Kamin isn’t the only one struck by a foreboding sense of déjà vu. From the White House to Wall Street, a growing number of veterans of the 2011 debt ceiling crisis are again watching a story of bluster and brinkmanship play out — and are terrified this will be the time it ends with the country in financial ruin.
“It feels like there’s a desire to get closer and closer to the brink,” said David Vandivier, who was a senior Treasury official during the 2011 negotiations. “At a certain point, you don’t know where the line is.”
The parallels to the Obama-era stalemate are clear, as House Republican leaders vow to place restraints on a Democratic administration, while also trying to manage their troublesome conservative wing.
But unlike in 2011, Republicans are preparing to stare down the White House with no clear consensus on what they want in exchange for keeping the U.S. financial system afloat. The prevailing principle, instead, appears to be extracting a degree of political pain for President Joe Biden. And perhaps most worryingly — Democrats, economists and even some Republicans say — there’s little confidence that House Speaker Kevin McCarthy has the influence to successfully steer his conference away from the brink.
“I wish I could look at this, having been through a bunch of these, and say there’s going to be a bunch of drama but this is how it gets resolved,” said Brendan Buck, an aide to then-GOP House Speaker John Boehner during the 2011 debt negotiations. “But I don’t know how this gets resolved. There are just huge obstacles here [that] I don’t think were quite as problematic in 2011.”
Or as Sen. Brian Schatz (D-Hawaii) put it: “I think these people are nuts, and they’re serious.”
Dan Pfeiffer, a senior Obama aide during the 2011 showdown, said that of his entire time in the administration, he was never more scared than in the final days of that debt ceiling fight, “because it was very possible we were going over the cliff.”
For him, the similarities to now are obvious: a Democratic president unsure if the leader of the opposing party has the “clout” to get his conference on the same page. But the White House, at the time, felt Boehner understood and took seriously the dangers of default.
“Boehner may have been willing to put more of his ass on the line.
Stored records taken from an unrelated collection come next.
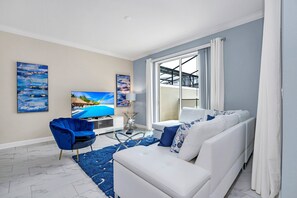 Un salon moderne avec un canapé blanc, un fauteuil bleu et une table basse en verre. Deux tableaux ornent le mur, et une grande fenêtre est agrémentée de rideaux.
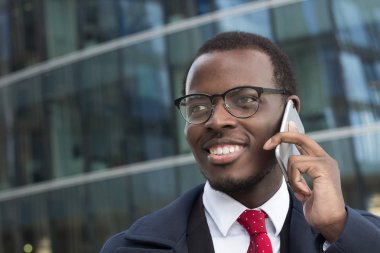 Ofis için iş bahsediyoruz arama gülümseyerek, smartphone, holding mutlu Afrika kökenli Amerikalı işadamı.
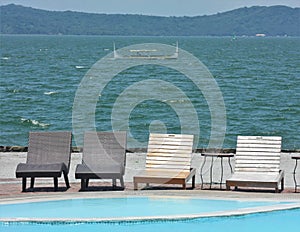 Four Deck Chairs by the Pool with Lake Taal at the background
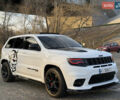Білий Джип Grand Cherokee, об'ємом двигуна 6.4 л та пробігом 196 тис. км за 38000 $, фото 2 на Automoto.ua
He did intellectually and substantively understand why default was terrible,” Pfeiffer said. “I’m not sure that McCarthy understands that, that McCarthy cares, that McCarthy would value the full faith and credit of the United States over his own job.”
The U.S. has never intentionally defaulted on its debt, a track record that has made its Treasury securities a safe haven for investors globally and allowed the government to borrow money at low interest rates.
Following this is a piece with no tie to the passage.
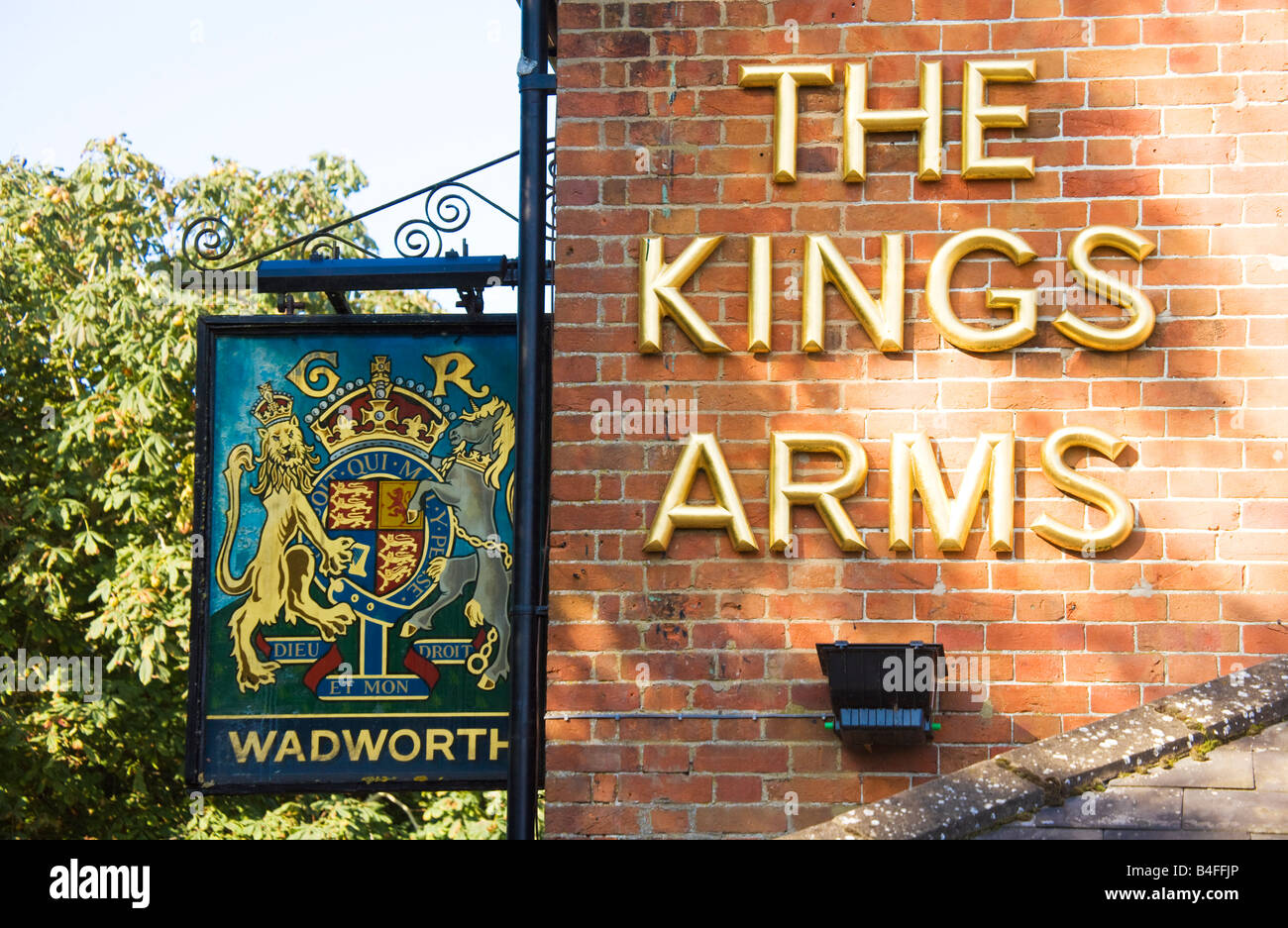 Hanging enseigne de pub et lettres d'or sur le mur de la King's Arms dans tous les Cannings, Wiltshire, Angleterre, Grande-Bretagne, Royaume-Uni Banque D'Images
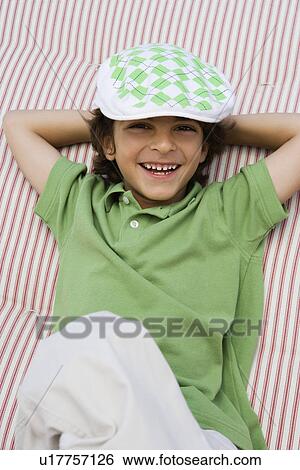 Stock Photograph - Boy Wearing Newsboy Cap. Fotosearch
There is universal consensus that a debt ceiling breach would be a historic catastrophe. Interest rates would skyrocket and the stock market would tank. The economy would spiral into a recession, shaking consumer confidence and decimating the nation’s financial credibility on the world stage. The impact could ripple across the globe, prompting debt crunches in lower-income countries with foreign currency reserves held in a suddenly weaker U.S. dollar.
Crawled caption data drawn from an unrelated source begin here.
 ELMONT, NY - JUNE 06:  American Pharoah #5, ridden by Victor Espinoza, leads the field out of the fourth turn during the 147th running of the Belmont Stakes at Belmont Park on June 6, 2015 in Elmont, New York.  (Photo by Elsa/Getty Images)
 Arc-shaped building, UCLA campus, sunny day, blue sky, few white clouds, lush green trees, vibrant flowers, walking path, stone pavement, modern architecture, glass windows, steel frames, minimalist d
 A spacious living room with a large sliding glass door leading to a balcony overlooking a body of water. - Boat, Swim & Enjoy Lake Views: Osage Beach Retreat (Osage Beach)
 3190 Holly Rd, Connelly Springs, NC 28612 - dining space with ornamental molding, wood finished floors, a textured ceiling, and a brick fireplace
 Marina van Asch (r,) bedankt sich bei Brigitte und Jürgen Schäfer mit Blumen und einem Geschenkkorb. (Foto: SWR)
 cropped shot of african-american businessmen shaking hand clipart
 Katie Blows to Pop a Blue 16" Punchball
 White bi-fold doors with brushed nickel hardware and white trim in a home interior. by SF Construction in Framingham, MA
At the Treasury Department, officials would be forced to prioritize what payments it could make to bondholders — a logistical challenge the government has never attempted before, and one sure to invite blowback for funneling money to foreign investors while Social Security and other benefits go unfunded.
“You’re shaking the bedrock of the global financial system to the core,” said Mark Zandi, the longtime chief economist at Moody’s Analytics, who projects that just a few weeks of default would double the unemployment rate and wipe out $12 trillion in household wealth.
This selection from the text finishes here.